Kartal'da kaybolduktan sonra Tuzla'da ormanlık alanda cesedi bulunan 10 yaşındaki Beratcan Karakütük'ün ölümüyle ilgili davada karar açıklandı. Sanık Ersin Kaşıkçı "çocuğa ya da beden veya ruh bakımından kendini savunamayacak kişiyi tasarlayarak, canavarca hisle veya eziyet çektirerek öldürme" suçundan ağırlaştırılmış müebbet, "kişiyi hürriyetinden yoksun kılma" suçundan 6 yıl hapis cezasına çarptırıldı.

İFADESİ KAN DONDURMUŞTU
Ersin Kaşıkçı ifadesinde, "Ellerini, ayaklarını ve ağzını koli bandıyla bantladım. Korktuğu için karşı koymadı. Minibüsün bagajına koyduktan sonra son servisimi yaptım. Tepeören'de yol kenarındaki dereye götürdüm. Yarı baygındı. Suyun içine soktum. Ayılınca kafasından suya bastırdım. Birkaç dakika sonra hareketsiz kaldı ve öldü" demişti.

"6 YILDIR BİRLİKTEYİZ"
Öz çocuğunu öldürmeye azmettirmek suçundan yargılanan anne Türkan Karakütük, hakkındaki suçlamaları reddetti. Kaşıkçı ile 6 yıldır süren ilişkisi olduğunu belirten Karakütük, "Eşimden ve ailemden ilgi görmediğim için düştüğüm boşluk nedeniyle bu ilişkiyi yaşadım.İlişkimiz yaklaşık 6 senedir sürüyor. Hatta Ersin evimin yakınında bir ev tuttu. Haftada 3-4 kez bu eve gidip kendisiyle ilişkiye giriyordum. Ben bu eve Beratcan'ı hiç götürmedim. Sanık ile olan ilişkimi eşim de büyük oğlum biliyordu. Ersin ile servis minibüsünde de ilişkiye girdik.Ersin, elindeki açık saçık resimlerle beni tehdit ediyordu. Açık saçık resimlerini kendisi çekiyordu. Bu fotoğrafları kendim çekip göndermedim, kendisi çekti. Ben bunları çekmesine izin vermediğimde bana şiddet uyguluyordu" demişti. Olay günü oğlu Beratcan'ın okuldan dönmediğini öğrendiğinde büyük oğlu Berkay'ı okul civarını araması için gönderdiğini anlatan sanık anne, eşi Ergün'e telefon ederek çocuğu aramasını istediğini anlatmıştı.

"GEREKİRSE ÖLDÜR DEDİ"
Sanık Ersin Kaşıkçı ise ifadesinde, "Türkan, beni günde 14-15 sefer arıyordu. Evi beraber tuttuk. Çocukla bir sefer geldiler eve. İki, üç sefer de minibüse geldiler. Eve geldiklerinde çocuk televizyon izliyordu. Biz yan odada ilişkiye girdiğimiz sırada bizi gördü ve dönüp salona gitti.
Bizi servis minibüsünde de ilişkiye girerken iki kere gördü. Çocuğunun yanında bile yanıma geliyordu, elimi tutuyordu, kucağıma oturuyordu. Çok rahat davranan bir insandı. Bu çocuğu getirmemesini söyledim. ‘Gider babasına söyler' dedim" şeklinde konuşmuştu.
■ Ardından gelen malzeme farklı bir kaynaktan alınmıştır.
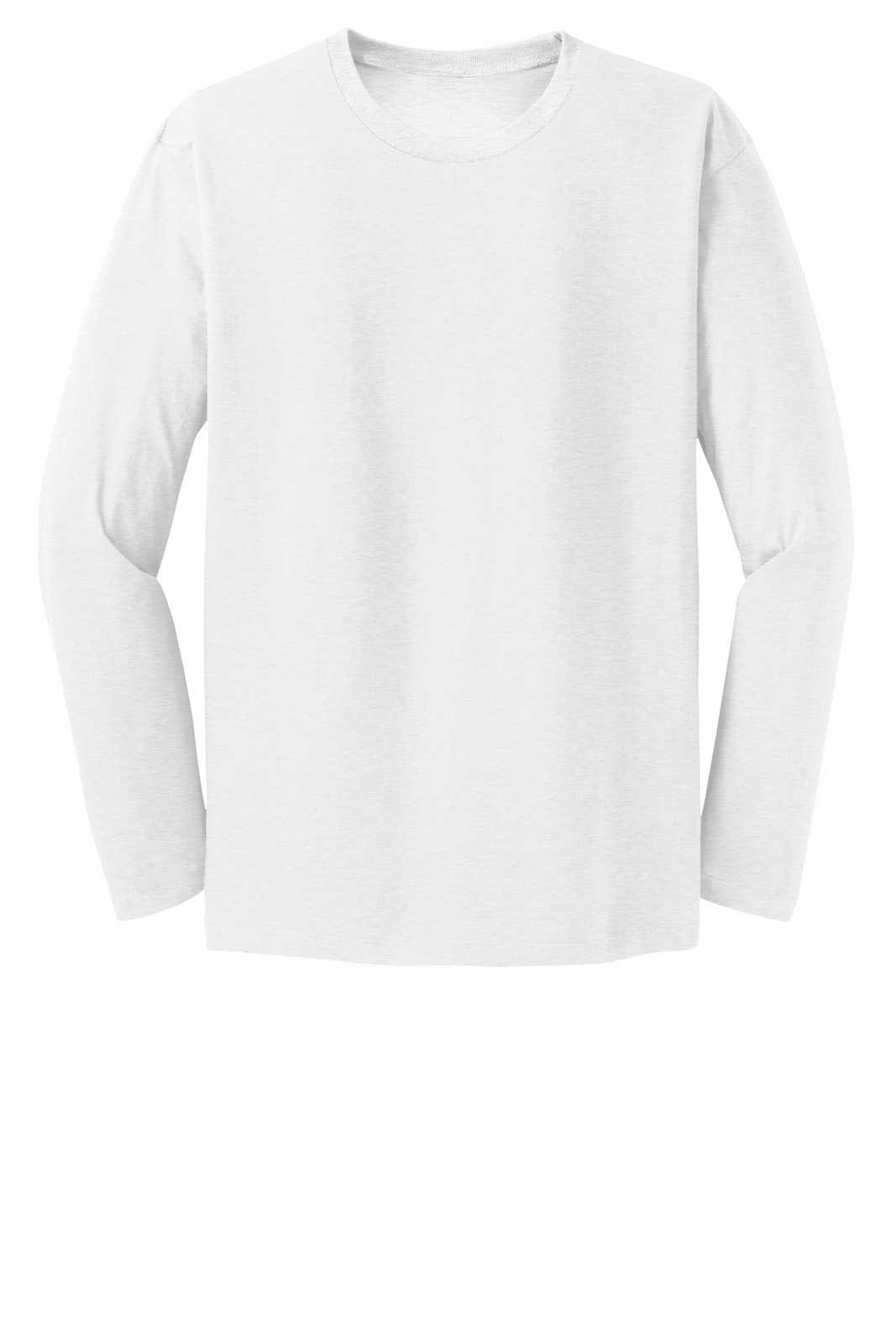 District DT6200 Very Important Tee Long Sleeve - White - HIT a Double - 4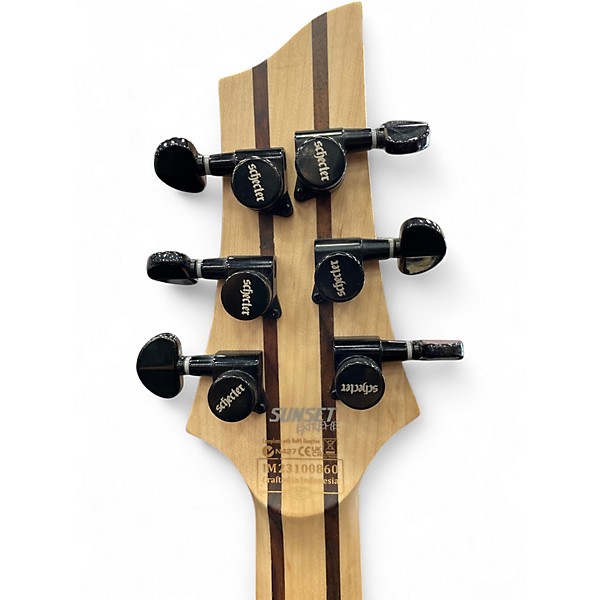 Used Schecter Guitar Research SUNSET EXTREME SCARLETT BURST Solid Body Electric Guitar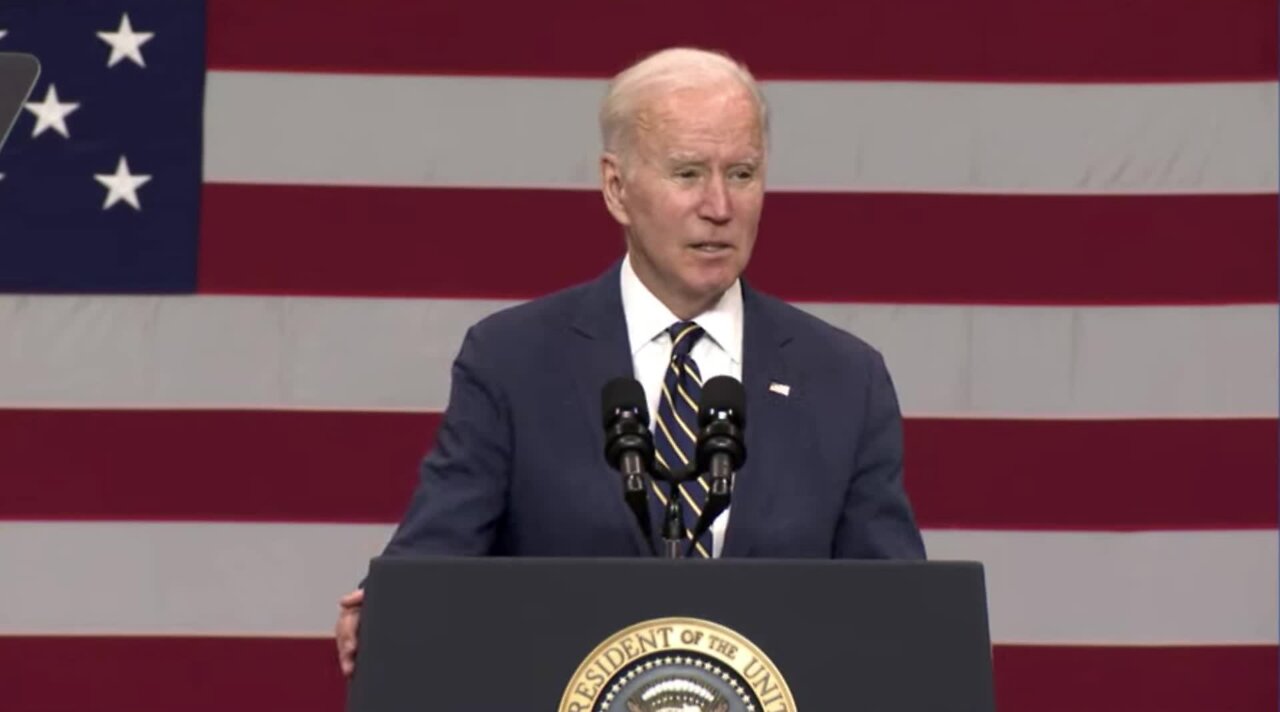 Biden Erupts During Pittsburgh Infrastructure Speech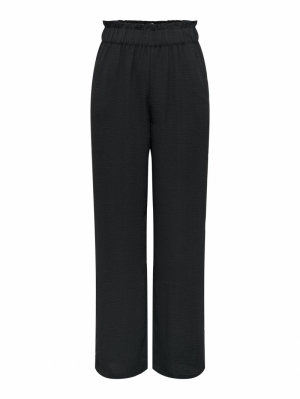 JDYDIVYA LIFE HW WIDE PANTS WV 177911 Black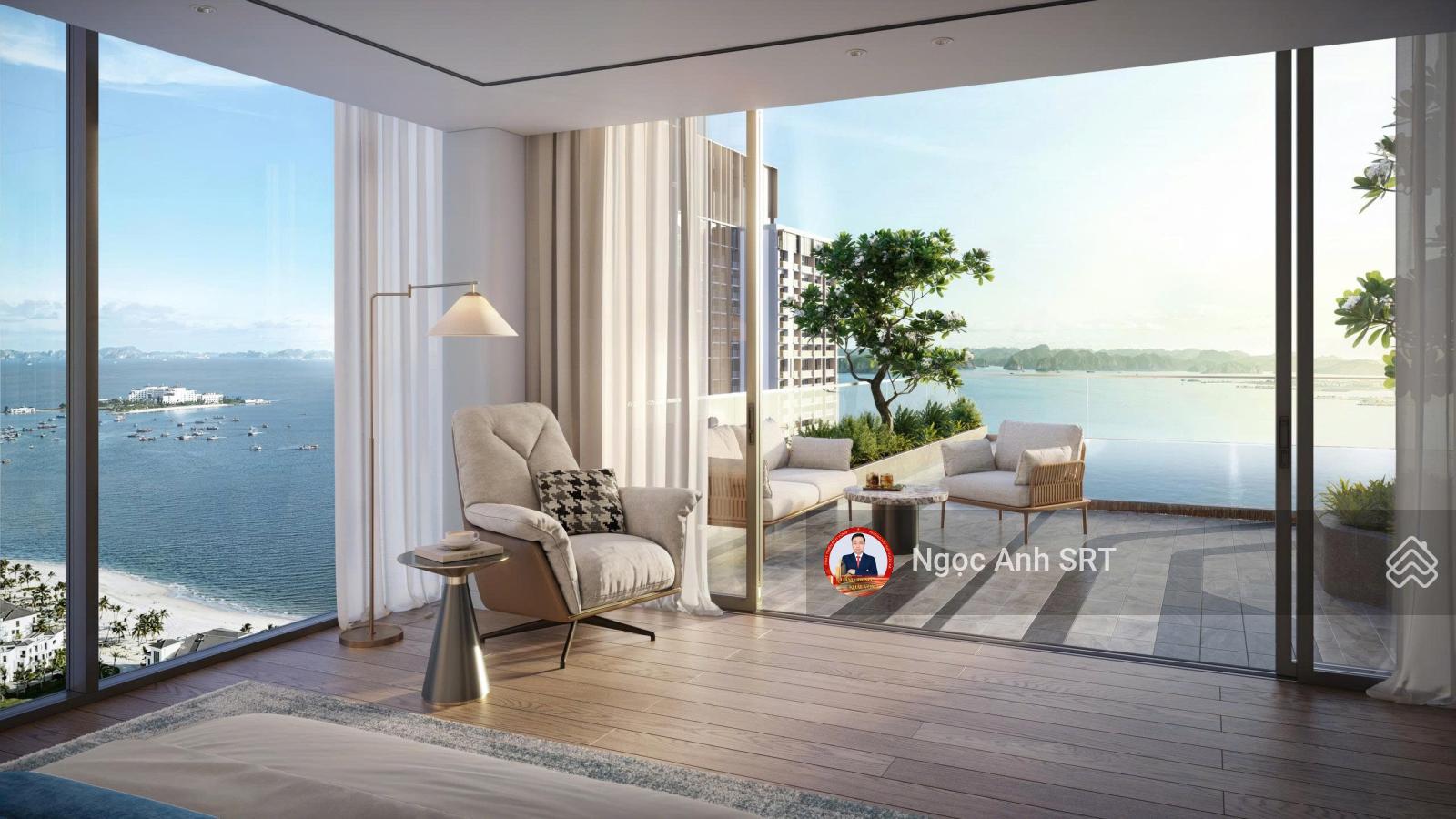 Căn hộ Aria Bay Hạ Long 94m² view Đảo Rều - Ưu đãi chiết khấu 16%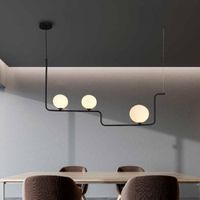 lampara colgante lineal 3 luces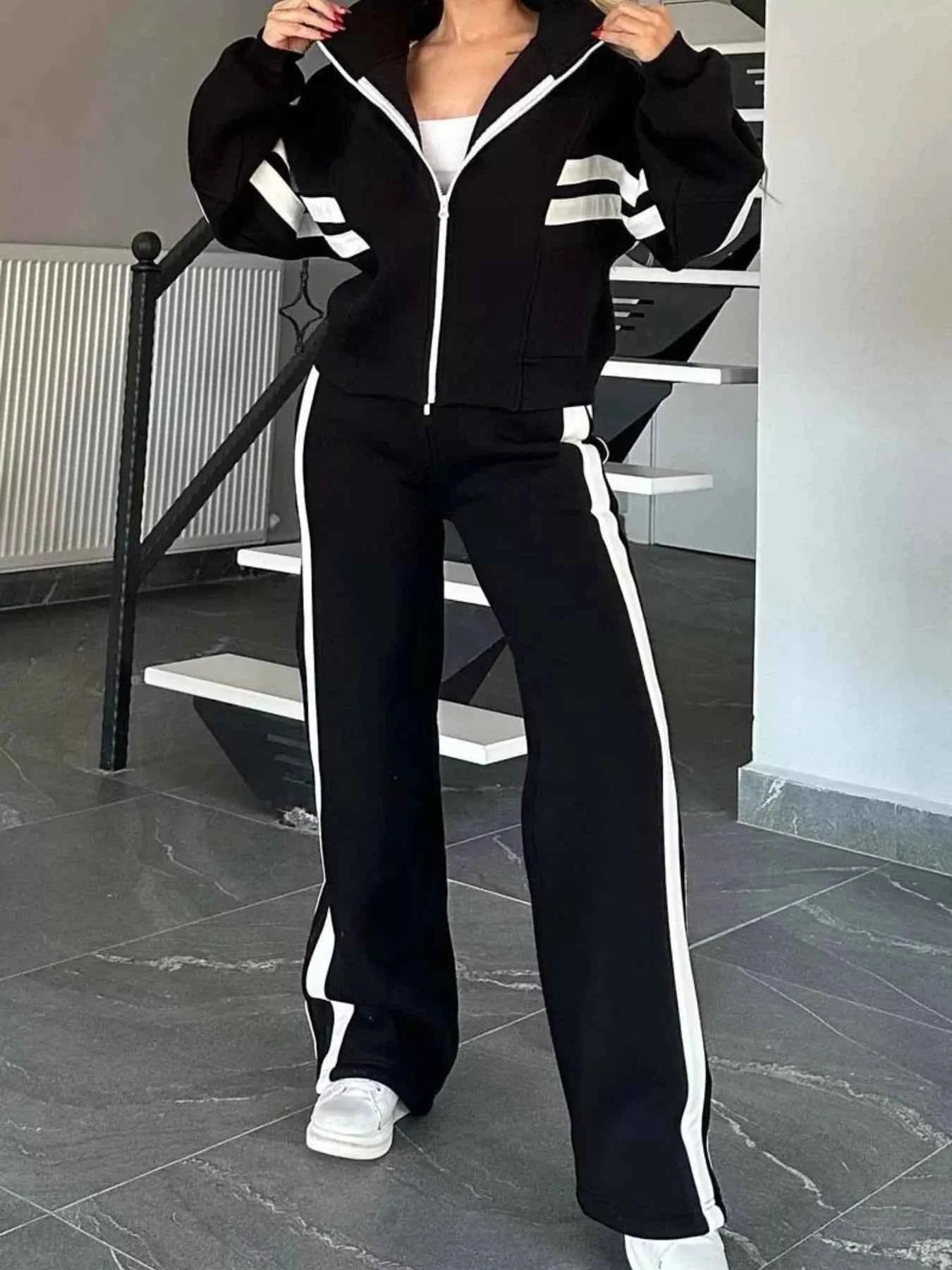Full Size Contrast Stripe Zip Up Jacket and Pants Set Plus Size a4b334378f16413583cfed3ff3d2d9a3-Max-Origin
Olaydan iki üç gün önce Türkan Karakütük'ün kendisine "Beratcan'ın gördüklerini babasına anlatmakla tehdit ettiğini" söylediğini savunan Kaşıkçı, ‘Kocam duyarsa ikimiz de mahvoluruz. Çocuğu bir şekilde hallet. Gerekirse öldür' dediğini ileri sürmüştü. Olay günü Türkan Karakütük'ün Beratcan'ı okuldan 40 metre aşağıda bulunan caddede beklemesini istediğini anlatan Kaşıkçı, Beratcan'ın "Anneme bir şey gönderecekmişsin' diye yanına geldiğini söylemişti. Çocuğu minibüse bindirdiğini ve ellerini, ayaklarını ve ağzını bantladığını belirten Kaşıkçı, "Koltukların üst tarafından arka taraftaki bagaja koydum, bagaja götürdüğümde, ‘hiç sesini çıkarmayacaksın, götüreceğim yerde ağzını açacağım' dedim, ‘tamam' dedi. Çocuk arabadayken servis çektim. Tepeören'e geldiğimde yol kenarındaki derenin içine indirdim. Çocuk yarı baygın gibiydi. Ağzını açıp derenin içine bıraktım. Çocuk kendine gelip çırpındı. Kafasından suya bastırdım. Çok fazla sürmedi. Bir dakika oldu, olmadı. Şu an hatırlamıyorum ne kadar sürdüğünü. Suyun içine gömüldü, boğuldu. Menfezin içi geniş olduğu için kimse görmesin diye ileriye doğru ittim. Gece Tepeören'e servis götürdüm. Aynı yere tekrar gittim, çocuk orada duruyor mu diye. Duruyordu" demişti.